Amongst the baking I had the boys construct a gingerbread house. This year I chose a Home Depot gingerbread house, in honor of a family member who suddenly died in April of alcoholism. She was 39 years old; leaving an 11 y/o and 7 y/o behind. None of us knew she drank; she was adept at hiding her habit. She worked in accounting with Home Depot. Imagine our surprise when we discovered that Home Depot helped with the cost of funerals for their employees. They brought her Home Depot smock, signed with her co-workers’ condolences, and a bright orange wreath of flowers at the funeral home. Although we live near a Lowes, we drive a little further to frequent our Home Depot now. The boys decorated this house in her honor.
For the past few years I’ve had the boys decorate a gingerbread house. You can imagine my disappointment when they started to fight for the icing, the candy and everything in-between. Eventually, my middle son refused to help any further and walked away; angry that he wouldn’t get his way. I found my voice rising and Dave chided me to calm down; which I dutifully did and snapped pictures. When did this activity cease to be fun and become stressful? The middle son knew he was hurting my feelings and after the other two completed the house; I stood by Dave and cried. I saw into the future: countless battles; the silent treatment, the I don’t care attitude of a teenager. The fun activity which I thought would bring me joy brought me great sadness instead. I mentally made a note that this would be the last year I would have the boys make a gingerbread house.

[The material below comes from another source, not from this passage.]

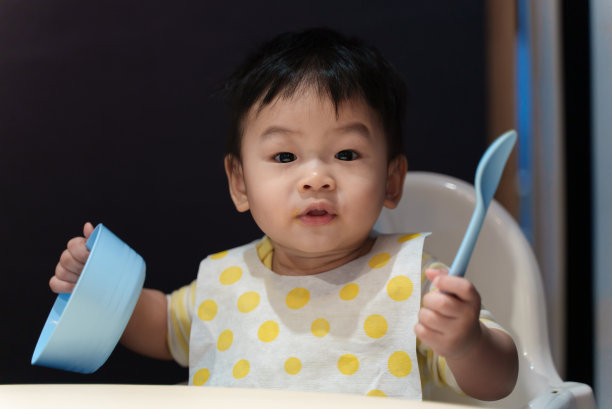 可爱的年轻亚洲婴儿男孩玩食物碗和勺子时，吃饭在桌子上。亚洲家庭婴儿家庭生活理念。图片下载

An hour later, when the bread and cookies were packaged, I felt arms around my middle. I had decided to package the gingerbread house to take over to Dave’s sister’s home for Christmas eve. I couldn’t even look at it. I looked down and my middle son quietly apologized; tears in his eyes. He knew I was upset and I accepted his apology. As I patted his head, the realization that this cycle would repeat, over and over, for the rest of his life stayed with me. The innocence of his childhood was lost for me yesterday.